Eating enough protein is necessary for the immune system and a requirement for healthy organs like the brain, heart, and skin. Protein is made up of complex amino acids that require a lot of energy to break them. Some people associate large protein intake with athletes and bodybuilders, but that isn’t the case. As you grow older, your body’s ability to break down and absorb protein decreases, thus you need to make adjustments such as increase your protein powders and shake intake. Since protein powder has gone through processing in its making, it becomes easier for the body to absorb it. Apart from that, there are ways in which you can increase your protein absorption fast. Here is how to do it.
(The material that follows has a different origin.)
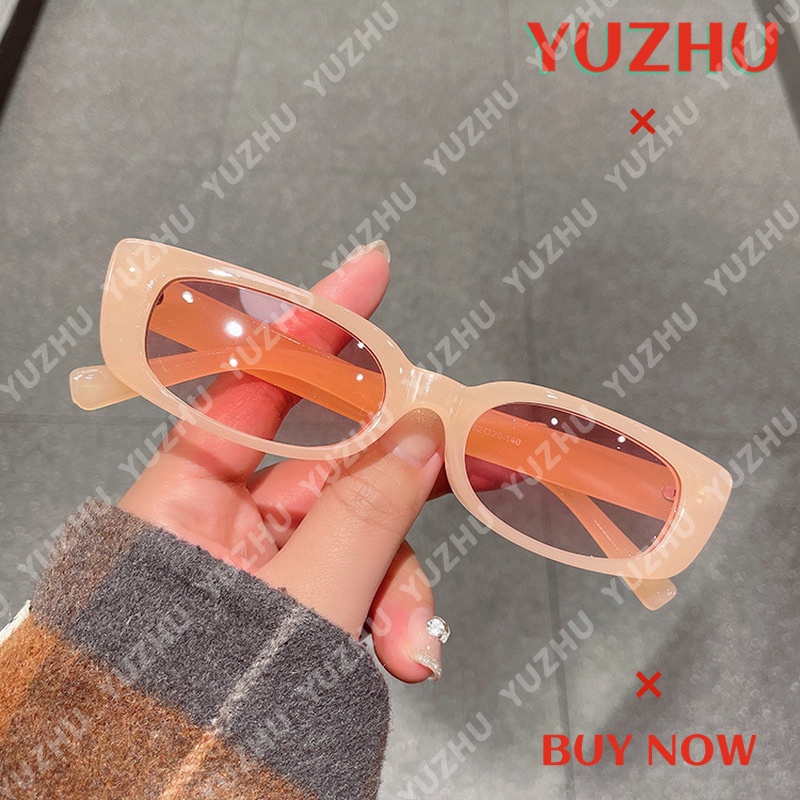 Kính râm gọng chữ nhật màu kẹo chống tia UV thời trang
Consume Complex Carbohydrates
The body breaks down protein into the simplest amino acids, but that’s not all. The amino acids formed need further processing for the body to benefit from the proteins consumed. Therefore, you need to eat carbohydrate-rich foods, which helps the body release insulin. High insulin levels help the muscles absorb these amino acids, which are important for overall body functioning.
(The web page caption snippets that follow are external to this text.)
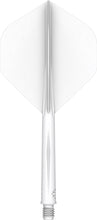 Mission Force 90 - New Moulded Flight & Shaft System - Standard No2 - White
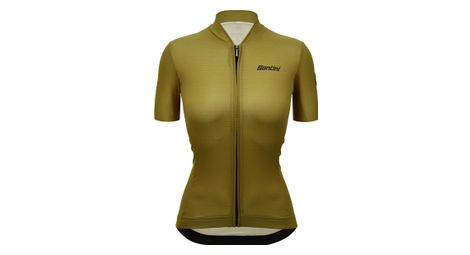 santini glory day short sleeve jersey green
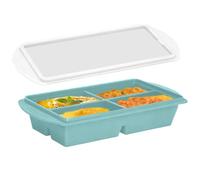 Stampo per congelatore in silicone | Cucchiaio da minestra con coperchio 250 ml, contenitore per alimenti per la preparazione dei pasti, contenitore di congelamento per salse, resti di brodo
For bodybuilders, they are advised to eat carbohydrates right before an intense workout to help enhance protein absorption.
Take Vitamin B-6
Vitamin B-6 is also referred to as pyridoxine. Vitamin B-6 helps the enzymes in the body to break down protein and carry the dismantled amino acids to your bloodstream. This vitamin ensures your body obtains all the protein from the foods you consume. Fortunately, you can get vitamin B-6 from foods such as meat, fish, nuts, seeds, beans, legumes, and whole grains. These foods also contain proteins. Alternatively, you can opt for vitamin B-6 supplements which are more effective if you want to increase the absorption of proteins in the body.
Consume Acidic Foods
The body can’t be able to absorb protein in its natural state. The amino acids in proteins are broken down by certain proteases in the stomach. When the bonds are broken, each individual amino acid can now be absorbed in the body. To enhance this process, try eating and drinking more acidic foods like vinegar, orange juice, and acidic fruits. Such foods make your stomach a little more acidic in nature and help break down the proteins.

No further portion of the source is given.